You may have heard of the term “trusts” when contemplating your estate plan. The concept of executing a trust may seem confusing to some. However, the reality is that most people who establish an estate plan can benefit greatly from creating a trust that is not overly complicated. A trust is simply a legal tool that is designed to hold title to your assets.
A basic trust has three primary parties involved. The creator of the trust is the grantor, settlor, or trustor. The manager of the trust is the trustee. Those who are entitled to receive distributions from the trust are the beneficiaries. Typically, those creating a standard trust will serve in all three capacities until incapacity or death.
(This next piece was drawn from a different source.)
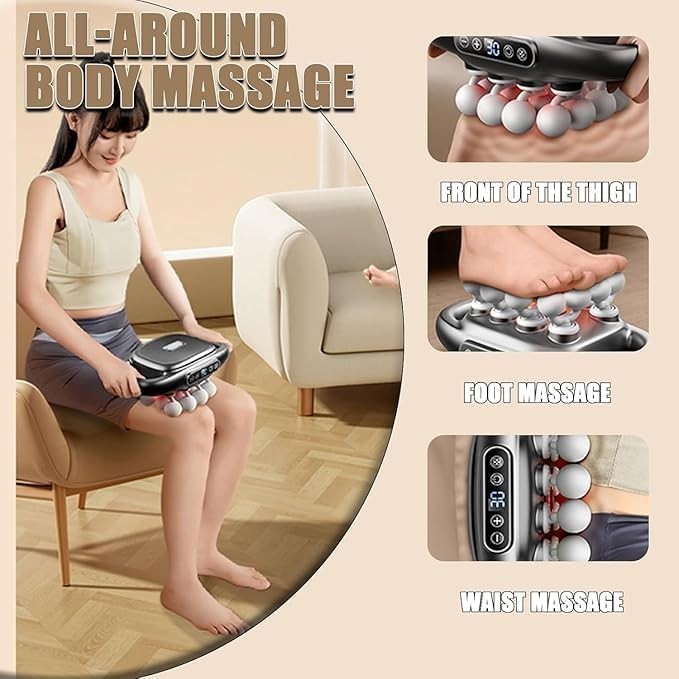 Hands Free Back Massager Deep Tissue Muscle Relief 8 Head 30 Intensities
A properly drafted trust can help you in the event of your incapacity and death. Upon the grantor’s incapacity, the trust allows for a successor trustee to manage the trust on behalf of the grantor. Upon the grantor’s death, the trust assets avoid probate court proceedings and can be distributed to the beneficiaries efficiently and in accordance with the grantor’s desires.
There are various types of trusts that accomplish different objectives. Everyone can benefit from a revocable trust that addresses what happens upon their incapacity and death. These are trusts that you can amend and revise as you wish. Sometimes it makes sense to establish an irrevocable trust. An irrevocable trust is a trust that cannot be amended or changed as easily. Sometimes irrevocable trusts are used to protect the grantor’s assets. Sometimes irrevocable trusts are used to minimize estate taxes when the grantor dies. Irrevocable trusts may not be for everyone, but they can be effective tools to achieve certain objectives.
Everyone who is contemplating getting their estate plan created for the first time or revised after the initial plan, should consider the benefits of having a trust.